▶ Short text fragments from websites
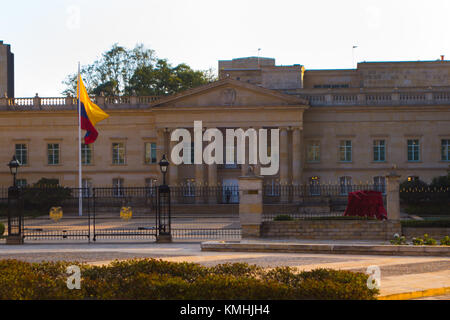 Bogotà, Colombia, 22 ottobre 2017: persone non identificate all'invio del campidoglio colombiano e congresso situato in Piazza Bolivar, Bogotà Foto Stock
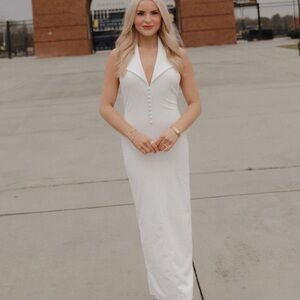 Elegant White Sleeveless Dress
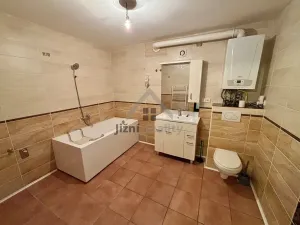 Prodej bytu 2+kk, České Budějovice, Rudolfovská tř., 98 m2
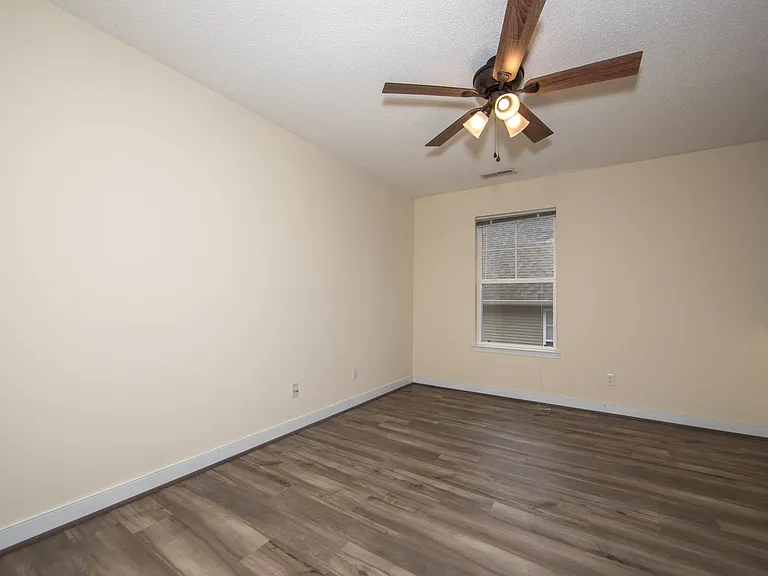1506 Woodland Ct — Photo 3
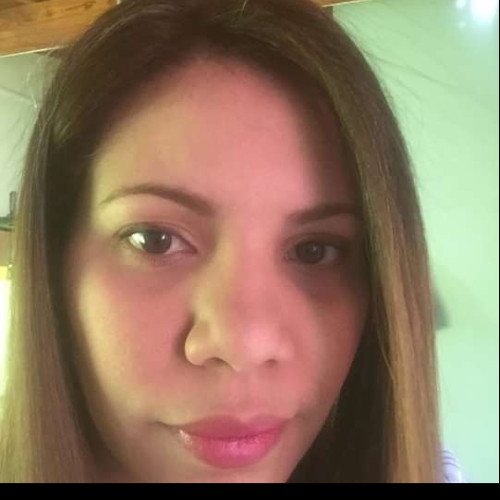 Elsy V.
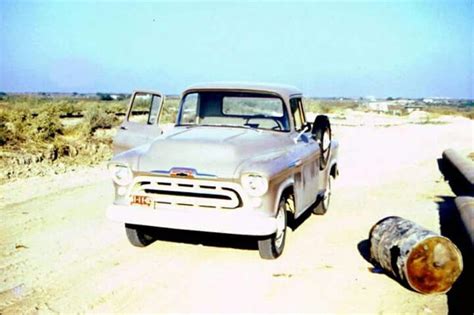 Pin de Ray Trosan en Old trucks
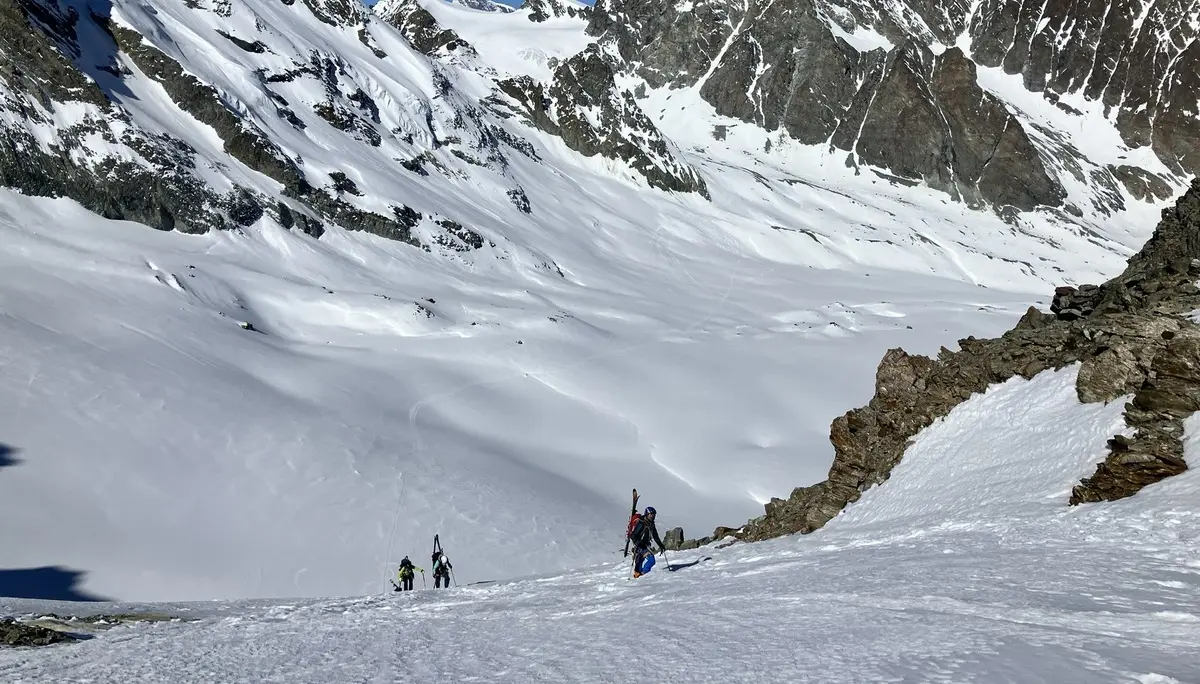 mit Steigeisen über den Col du Mont Brule | © DAV Sektion Altdorf - Wolfgang Müller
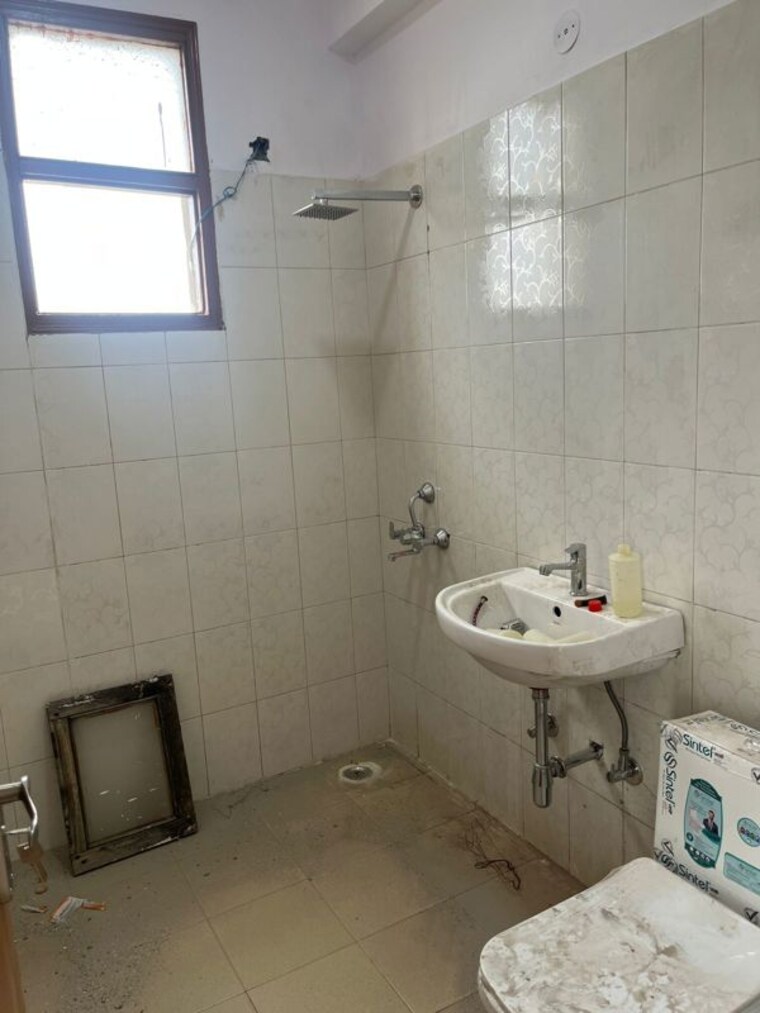 Bathroom, sector 10 dwarka 4 Bedroom 2200 Sq.Ft. Apartment In Sector 10 Dwarka Delhi 10411467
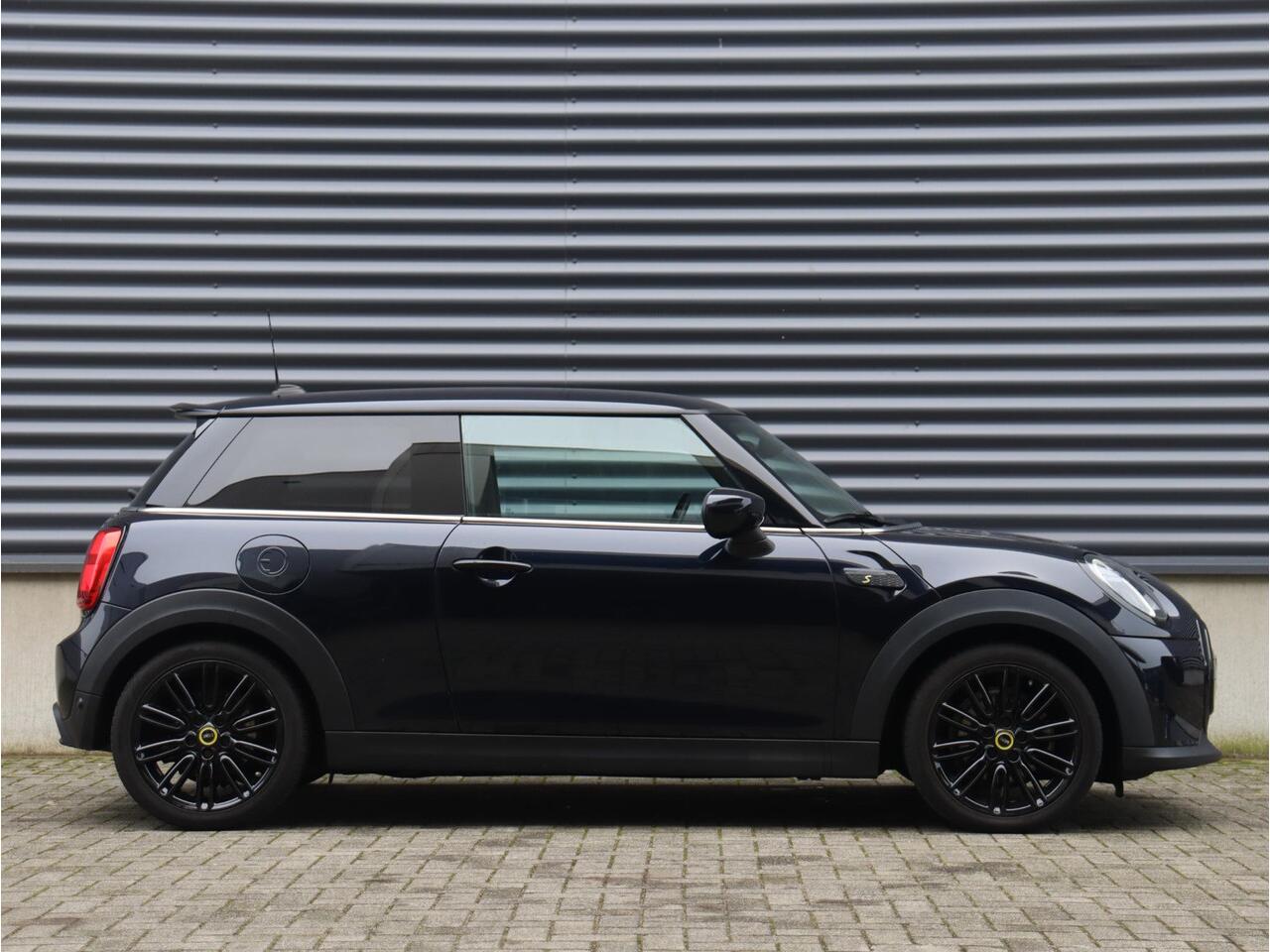 Mini Electric 3-deurs | Classic + Harman Kardon + Apple Carplay + Verwarmbare Voorstoelen + Sportstoelen + Comfort Access + LED + 17'' Tentacle Spoke Black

▶ The problem
In the entries above, find the line containing "Bathroom, sector 10", then please retype it and every line after it through the last, exactly as written, omitting pictures.

▶ Your solution
 Bathroom, sector 10 dwarka 4 Bedroom 2200 Sq.Ft. Apartment In Sector 10 Dwarka Delhi 10411467
 Mini Electric 3-deurs | Classic + Harman Kardon + Apple Carplay + Verwarmbare Voorstoelen + Sportstoelen + Comfort Access + LED + 17'' Tentacle Spoke Black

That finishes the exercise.